Le rendement accru en ions négatifs produit avec le bombardement au césium peut s’expliquer par des fonctions de travail réduites par l’implantation de césium sur la surface de l’échantillon. Plus d'électrons secondaires sont excités sur la barrière de potentiel de surface. La disponibilité accrue d'électrons entraîne une formation accrue d'ions négatifs.
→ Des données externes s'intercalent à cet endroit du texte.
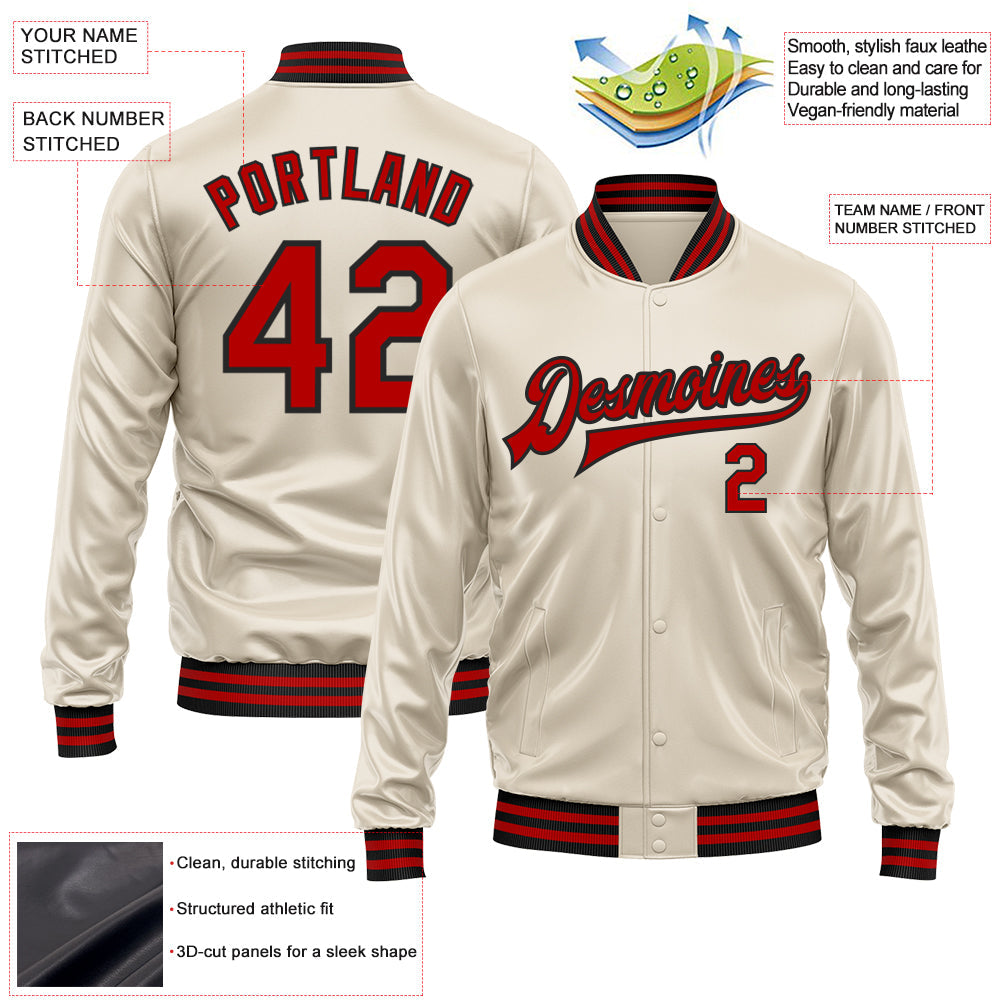 Custom Cream Red-Black Bomber Full-Snap Varsity Faux Leather Letterman Jacket view 2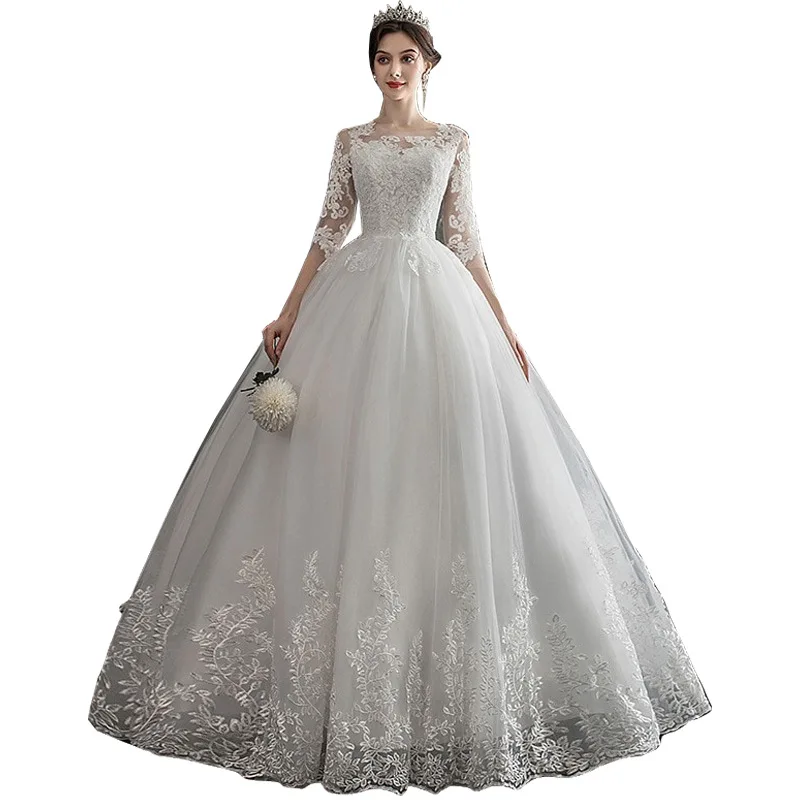 
New shoulder lace wedding dress long tail wedding dress large size wholesale wedding dress 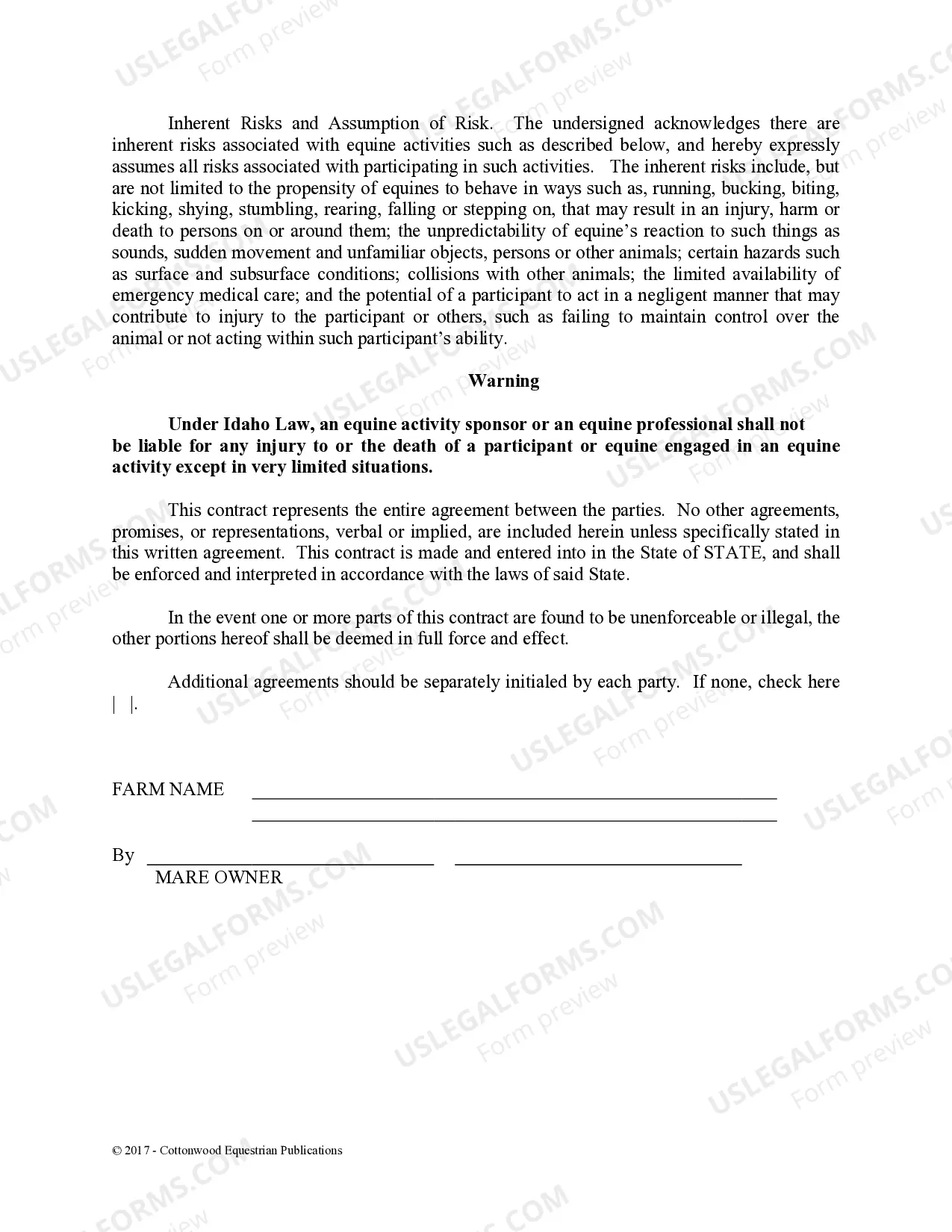 Preview Stallion Service Contract - Horse Equine Forms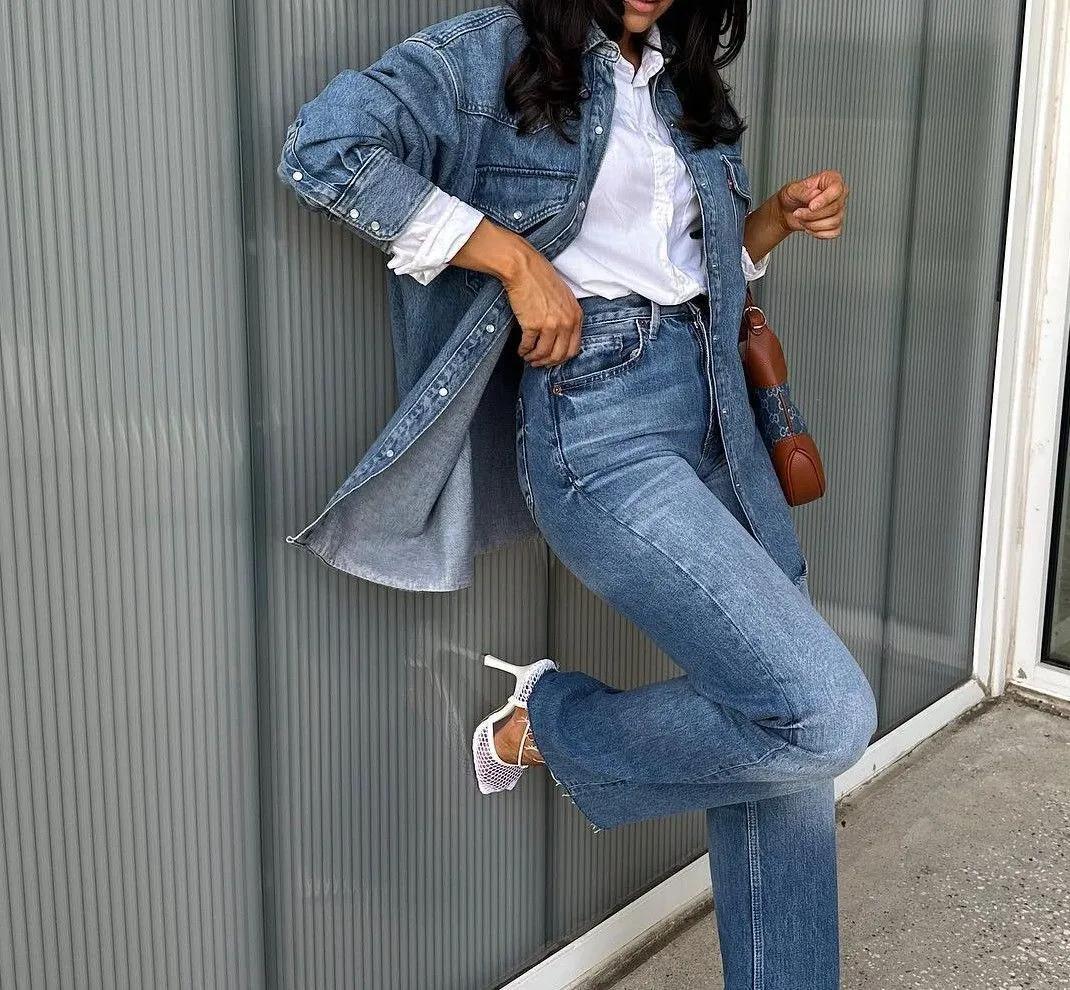 Close up of perfectly fitted dark wash jeans on curvy figure
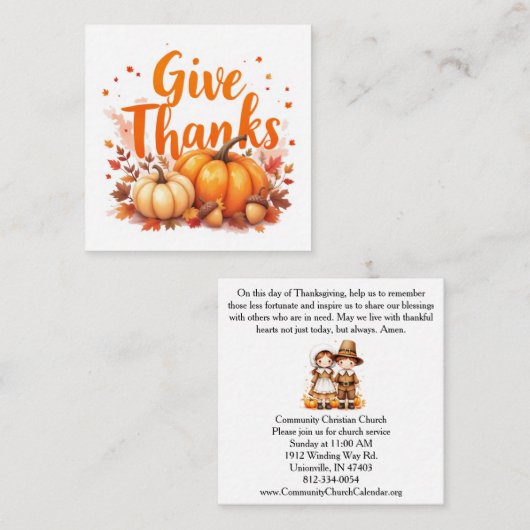 Thanksgiving Food Basket Prayer Church Invitation  ノートカード (正面/裏面)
La variabilité des rendements d'ionisation conduit à différentes conditions d'analyse pour différents éléments, comme indiqué dans le tableau périodique.

Théorie SIMS - L'ion secondaire produit des effets de faisceau primaires
Facteurs de sensibilité relatifs

L'analyse quantitative par SIMS utilise des facteurs de sensibilité relatifs définis selon l'équation suivante.

Théorie SIMS - Facteurs de sensibilité relative

L'élément majeur (ou matrice) est généralement choisi comme référence. En substituant M (matrice) à R (référence) et en réorganisant, on obtient l’équation suivante.

Théorie SIMS - Facteurs de sensibilité relative

En analyse d'éléments traces, on peut supposer que la concentration en éléments de la matrice reste constante. La concentration de la matrice peut être combinée avec le RSF élémentaire pour donner une constante plus pratique, RSF.

Théorie SIMS - Facteurs de sensibilité relative

Ce RSF est fonction de l'élément d'intérêt et de la matrice d'échantillon.

Théorie SIMS - Facteurs de sensibilité relative

Notez que RSF et CE ont les mêmes unités de concentration. C'est la forme la plus courante de l'équation de RSF.

Tables RSF

Les tableaux suivants de valeurs RSF (d'après RG Wilson, Int. J. Spectrométrie de masse. Ion Proc., 143, 43, 1995) montrent comment la sensibilité dépend de l'élément considéré. Faible RSF signifie haute sensibilité. Notez que des concentrations modestes d'éléments de haute sensibilité peuvent saturer les détecteurs d'ions à multiplicateurs d'électrons.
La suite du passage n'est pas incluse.